Foto: Corpo de Bombeiros de São Paulo.

e o malabarista no farol da rua das graças com seu casco de cachaça piroteando no ar chorou os 5 amigos mortos no horror anunciado do Paissandu

esta foi a postagem na manhã após aquela madrugada…
o noticiário oficial dizia: 1 morte
sabíamos que não era verdade. E ainda não é.

No farol, no centro da cidade, a rua das graças perdia a ginga e a graça. O homem pardo-pode-se dizer pardo?? – jogava pro alto sua garrafa vazia.

Eu o chamei já sacando moedas…. eu tenho um porta niqueis ( existe isso ainda?) só para dar moedas e trocados para meus já familiares famélicos espalhados no quadrilátero que percorro todos os dias para ir de qualquer lugar à minha casa, sim, muito perto da comunidade da Craco, do Moinho e do Teatro imponente e hiper salvaguardado da Porto Seguro….. (seguro, segurança, ternos e saltos, exposições hiper contemporâneas, aprendi o que é arte contemporânea, sob as luzinhas dos foguinhos dos canudos de metal… ).

Ao se aproximar e pegar muito grato num sorriso cheio de janelas as moedas, ele fez uma singela reverência e, ao erguer seu rosto magro, envelhecido, disse, que a sra isso e aquilo mais isso e aquilo, apesar do dia de hoje (era 1º de maio..).

Eu lhe perguntei se estava triste, eu, boba demais sempre desajeitada com as faces da pobreza… ele disse, sim, cinco amigos morreram no incêndio…

Sinceramente, não tenho ânimo para dizer tudo o que as pessoas comprometidas e conscientes não se cansam de dizer, da ausência do poder público, da tragédia anunciada, do inferno em que estamos naufragando etc etc…
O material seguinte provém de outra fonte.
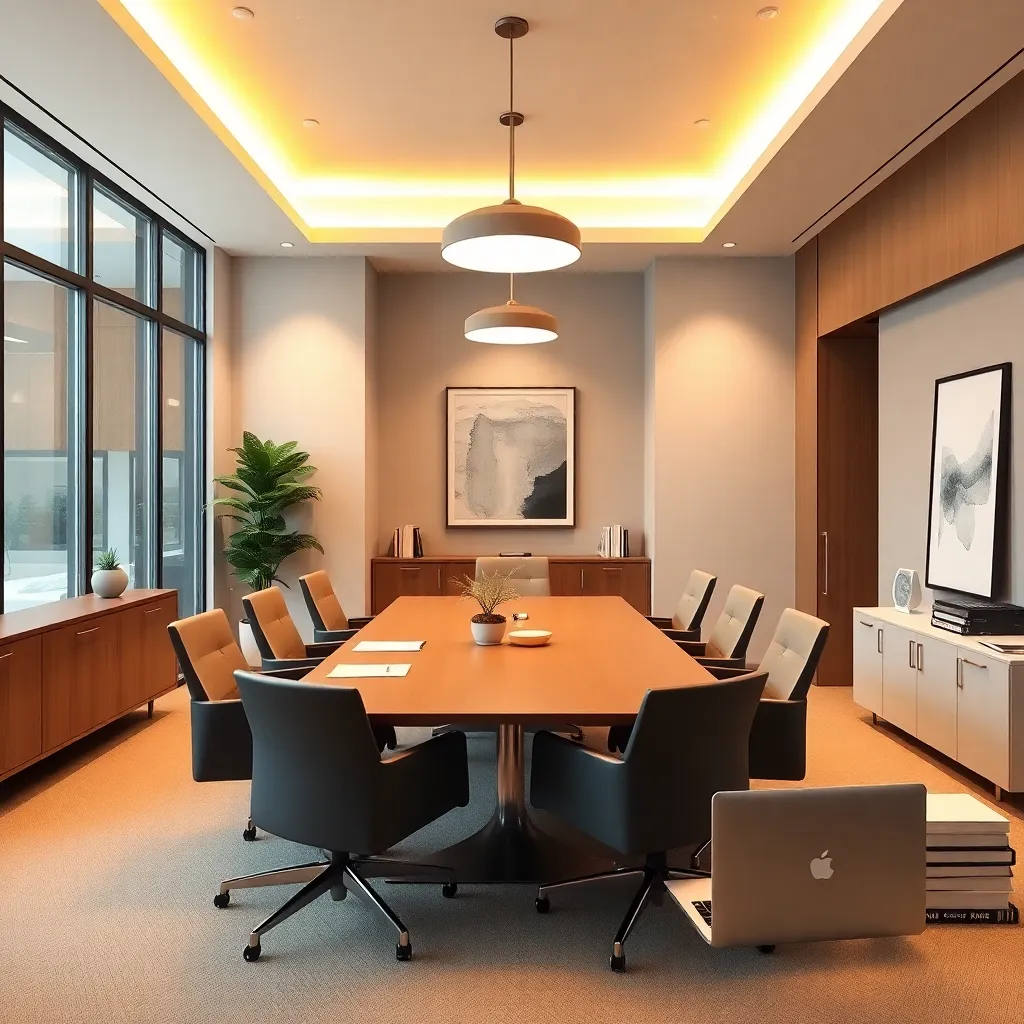 Negocio Dixon Law, Llc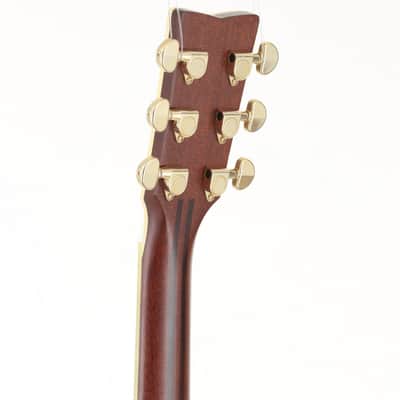 Yamaha Ls6 Are [Hpy130154] (06/29) image 12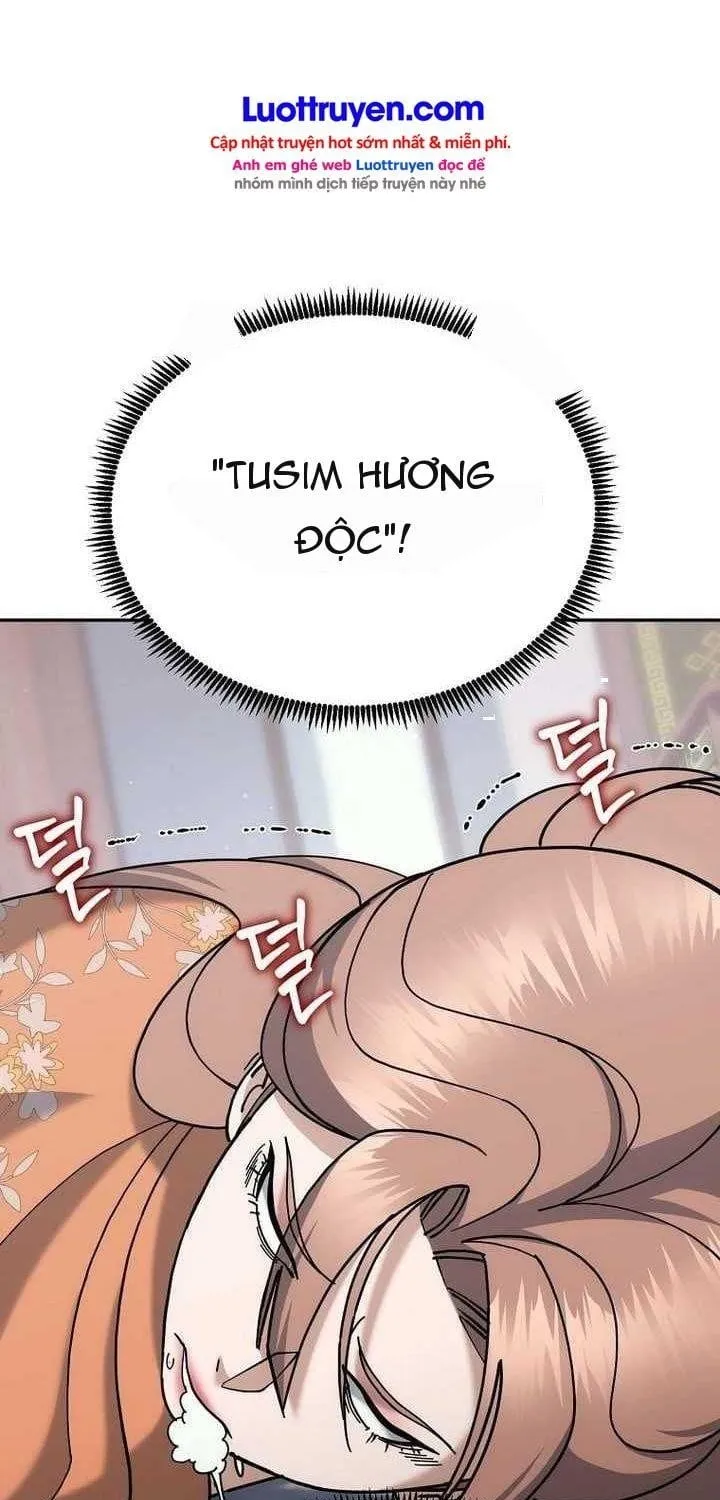 Hoạn Quan Tuyệt Luân Chap 43 - Next Chap 44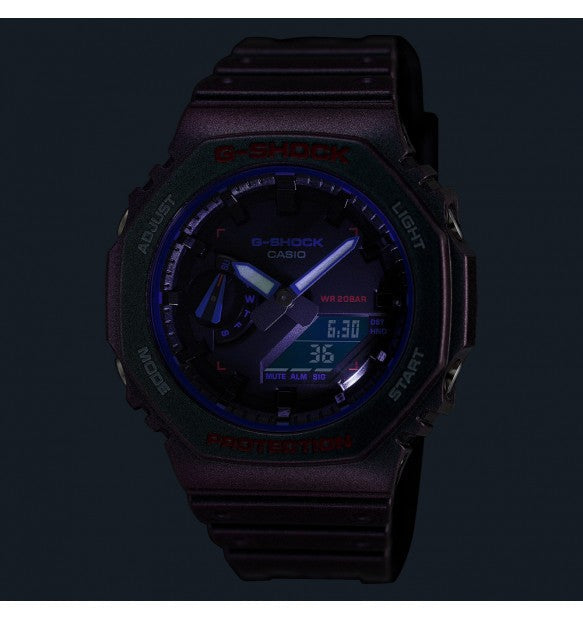 Discount Luxury Casio [product_name] with Free Shipping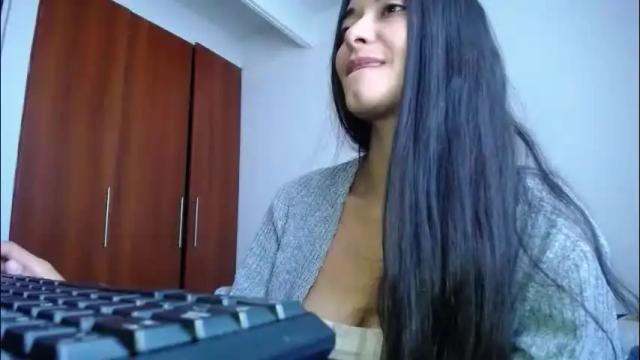 Image 8 of wifhot Stream on Chaturbate on 4 days ago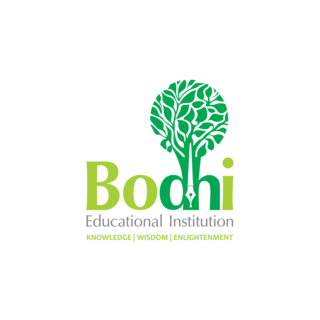 Bodhi Educational Institution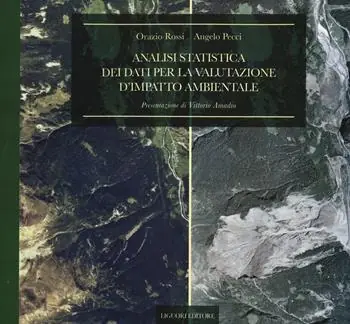 Betaalbaar Analisi statistica dei dati per la valutazione d‘impatto ambientale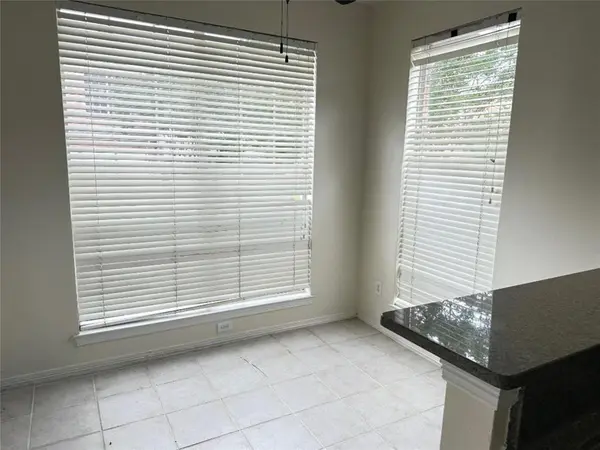 17348 Remington Park Circle, Dallas, TX 75252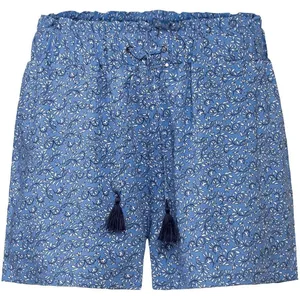 شلوارک زنانه اسمارا مدل sl008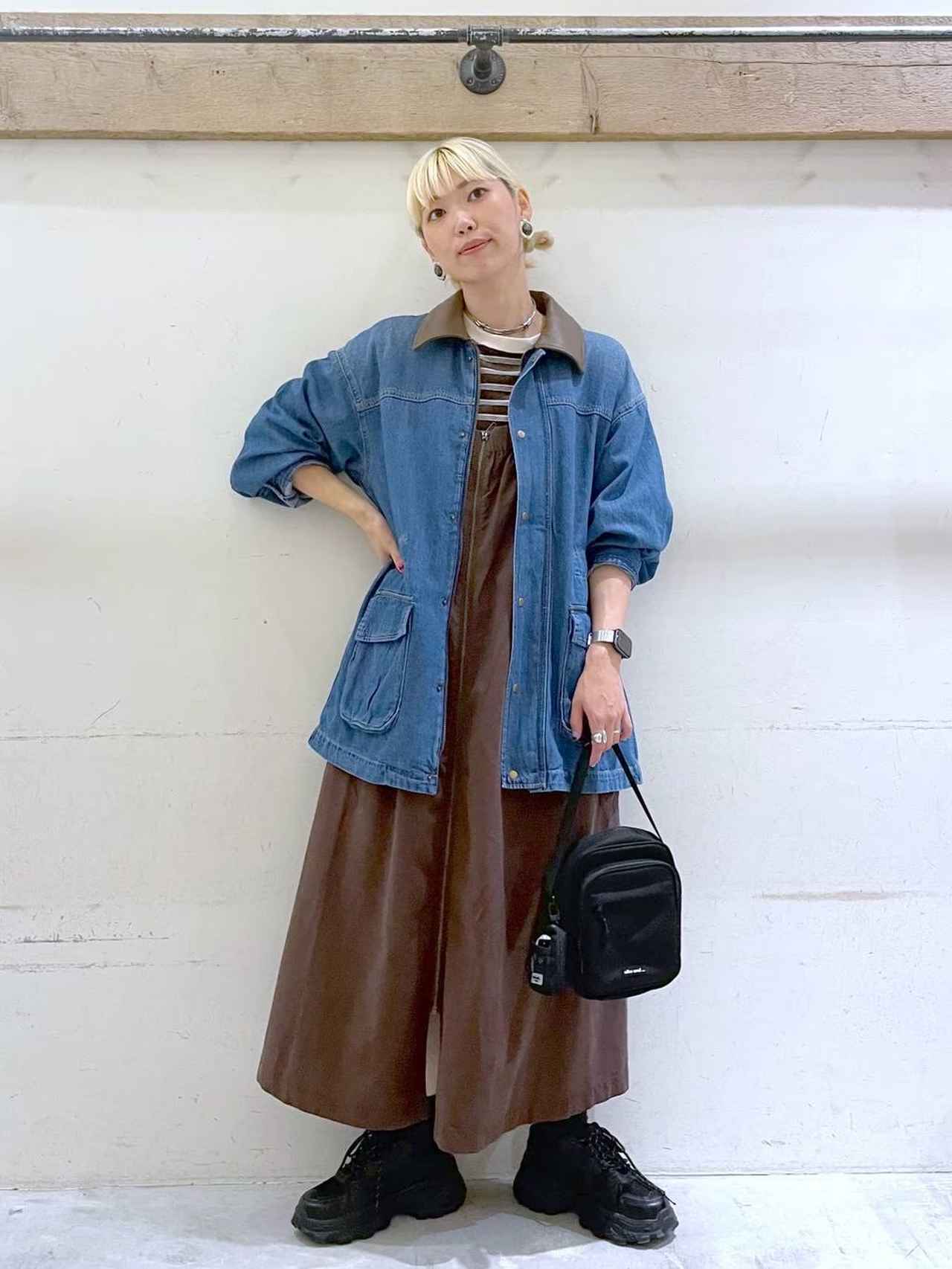 画像2: 出典:and ST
Só sei que nunca me sairá dos olhos e do coração o homem, conseguindo brilhar um casco vazio no céu, embotando contra o azul sua cinza de fumaça, o sangue quente e o desespero, a garganta apertando, apertando…
Na alma estilhaçada, os amigos, as crianças, as mulheres e os velhos (e não xs velhxs) desgraçados na madrugada do dia do trabalho.
Eu suspiro e avanço o farol com aquele homem no colo… sou boba e desajeitada diante da dor dos outros. Foi apenas mais um dia na cidade em coma, no país morto vivo.